Le réseau social veut créer un système financier alternatif grâce à une nouvelle cryptomonnaie. Un projet scruté de près par les États.
Après des mois de spéculations et de fuites dans les médias, Facebook a finalement présenté sa monnaie virtuelle le 18 juin. Le groupe a dévoilé ses plans en grande pompe à l’Hôtel des monnaies de San Francisco, un bâtiment fondé il y a près de cent cinquante ans en pleine ruée vers l’or. “Un tiers des réserves d’or des États-Unis y étaient entreposées jadis”, remarque le New York Times.
Appelée “libra” et attendue pour le premier semestre 2020, cette devise recourt à la technologie blockchain déjà utilisée pour le bitcoin par exemple. Une équipe secrète a planché pendant plus d’un an sur cette cryptomonnaie qui devrait permettre aux 2 milliards d’utilisateurs du groupe d’effectuer des transferts d’argent, et de faire des achats non seulement sur Facebook, Instagram ou WhatsApp mais également sur l’ensemble de la Toile et même dans le monde réel, précise le Financial Times.

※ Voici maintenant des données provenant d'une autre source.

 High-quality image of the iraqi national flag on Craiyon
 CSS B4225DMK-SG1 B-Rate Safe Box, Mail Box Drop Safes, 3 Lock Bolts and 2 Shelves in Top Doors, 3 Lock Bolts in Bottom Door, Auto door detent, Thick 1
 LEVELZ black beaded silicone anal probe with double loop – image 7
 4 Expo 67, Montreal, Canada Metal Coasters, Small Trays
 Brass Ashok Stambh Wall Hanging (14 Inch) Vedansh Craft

“L’ambition est démesurée, les moyens mis en œuvre également”, note Le Temps, qui s’intéresse au volet suisse du nouvel écosystème financier que veut créer le groupe de Mark Zuckerberg. La nouvelle monnaie sera en effet chapeautée par une association à but non lucratif également nommée Libra, sise à Genève, et indépendante du réseau social.

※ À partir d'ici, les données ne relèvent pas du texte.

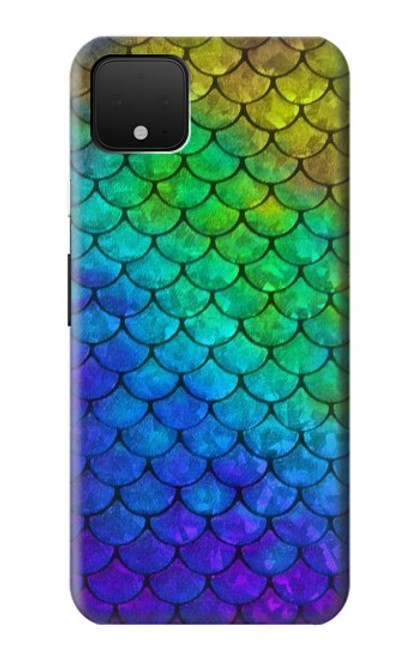 W2930 Sirène écailles de poisson Etui Coque Housse et Flip Housse Cuir pour Google Pixel 4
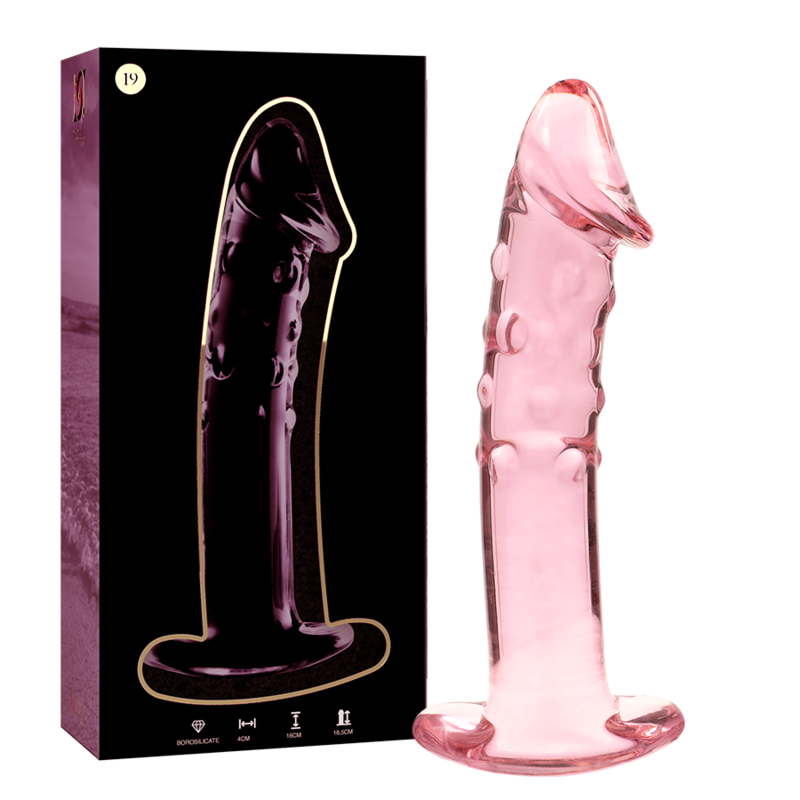 NEBULA SERIES BY IBIZA - MODELL 19 DILDO AUS BOROSILIKATGLAS ROSA 18,5 CM -O- 4 CM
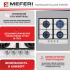 MEFERI MGH604WH GLASS POWER белая Встраиваемые Газовые Панели инструкция, поддержка, форум, описание, мануал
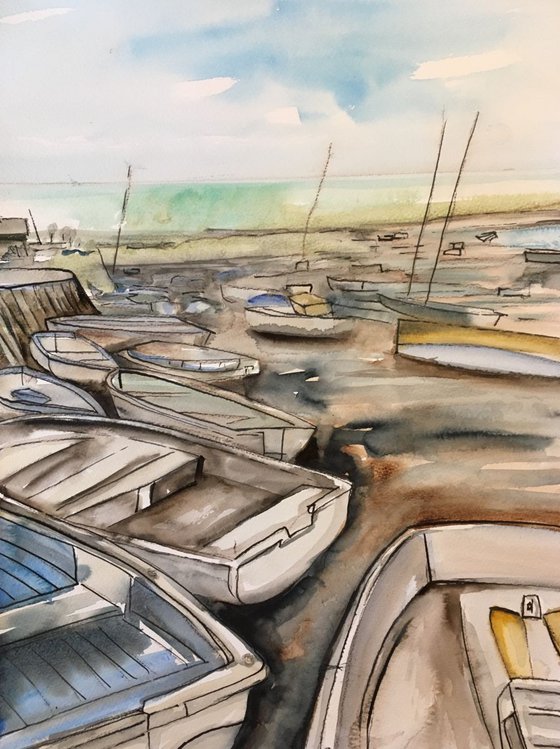Boats at Burnham Overy Staithe
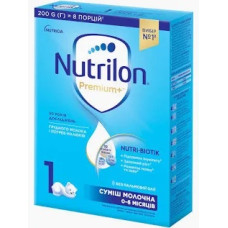 НУТРІЛОН Суміш суха молочна Nutrilon Premium+ 1 для дітей з народження, 200 г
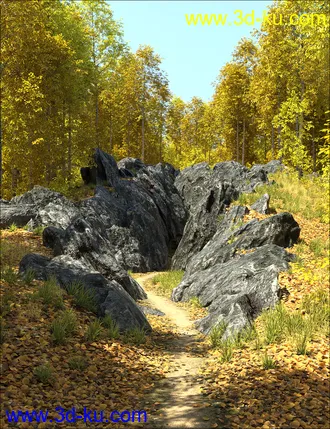 3D打印模型UltraScenery - Stone Features的图片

Facebook s’est déjà assuré le soutien de 27 entreprises ou organisations internationales dont de grands noms de l’économie numérique comme Uber, Lyft, Spotify ou eBay, des spécialistes des paiements tels que Paypal, Visa, Mastercard, mais aussi des ONG comme Mercy Corps et Women’s World Banking. Les partenaires financiers de Facebook doivent chacun amener au moins 10 millions de dollars. Le groupe espère en compter 100 millions d’ici 2020.
“Je crois qu’il devrait être aussi facile d’envoyer de l’argent à quelqu’un que d’envoyer une photo”, avait déclaré en avril Mark Zuckerberg, à l’occasion de la conférence de Facebook destinée aux développeurs. Dans le secteur des paiements, “nous avons l’occasion de rendre les choses beaucoup plus faciles”.
“Le système financier ressemble à ce qu’était le réseau de télécommunication avant Internet : son accès est contrôlé par un petit nombre d’entreprises, la concurrence n’est pas très forte”, a déclaré au journal Le Temps l’ancien patron de PayPal, David Marcus, qui pilote le projet au sein de Facebook. L’idée est de créer en somme “un Internet de l’argent”.
“L’attribut de la souveraineté des États doit rester aux mains des États, et pas des entreprises privées, qui répondent à des intérêts privés”, a prévenu le ministre des Finances français, Bruno le Maire, peu avant que Facebook présente sa monnaie virtuelle, exprimant une méfiance vis-à-vis d’un réseau social déjà perçu par beaucoup comme trop puissant.
Ce projet “sera assurément examiné à la loupe par les régulateurs”, note de son côté le New York Times. Le géant technologique, qui est déjà dans le collimateur des autorités américaines, pourrait se voir infliger prochainement une amende de plusieurs milliards de dollars pour violations répétées de la vie privée.
Facebook n’est pas le seul grand groupe technologique à avoir un projet de cryptomonnaie, relève par ailleurs le journal américain. Le service de messagerie Telegram a levé l’année dernière près de 2 milliards de dollars pour lancer sa propre monnaie virtuelle. Cette dernière est attendue dans les prochains mois.
Le 17 juin, le bitcoin a atteint son plus haut en treize mois, soit 9 396 dollars, bénéficiant d’un regain d’intérêt pour les cryptomonnaies, dont les cours s’étaient effondrés en 2018.